我傻乎乎地坐在办公室等他回来,却隐隐约约听到外面有人在传话:遇事要向书记请示一下,别说错话了。我听见后,赶忙走出办公室,却见走道上空无一人。我再次上到三楼,看见江英竹办公室的不锈钢防盗门已经打开,我走过去敲门,办公室悄无声息无人应声。

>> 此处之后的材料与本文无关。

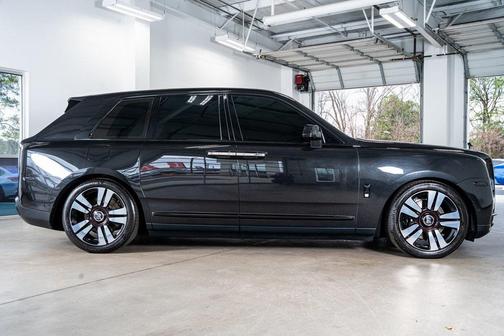 2019 Rolls-Royce Cullinan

我在镇政府办公楼上下跑了几趟,吃了一堆闭门羹,喝了一肚子的开水,也并非毫无收获。镇经委办一位姓陈的主任神情淡定,略显幸灾乐祸地表示无可奉告。随后,他意味深长地加了一句:“现在镇政府已经成立了专班,有情况还是找专班负责人了解比较好。” 他最后补充的一句更有深意:工作专班肯定有详细的材料,但是绝对不会向记者提供。我猜想这个陈主任应该是水泥厂幕后高人的亲信之一,他在给我指路。专班的材料,哼哼,估计早已经复印到了水泥厂,并且经由水泥厂职工的手交到我的手里了。荷花镇镇政府并非铁板一块,肯定有人唯恐天下不乱,想方设法把事情闹出去。这背后可能牵涉到权力之争,不过我对此毫不关心,我只关心我的稿子能否写出来,水泥厂近两百号职工能否得到合理安置,至于在权力之争中帮了谁害了谁,我还真不在乎。我唯一稍微有点好奇的,是李非在其中究竟扮演着什么样的角色。我只是好奇,却并不在意。也许李非在利用我,把我做枪使,我其实也在利用他,把他当作给我提供新闻线索的眼线。大家各取所需各得其所,合作愉快。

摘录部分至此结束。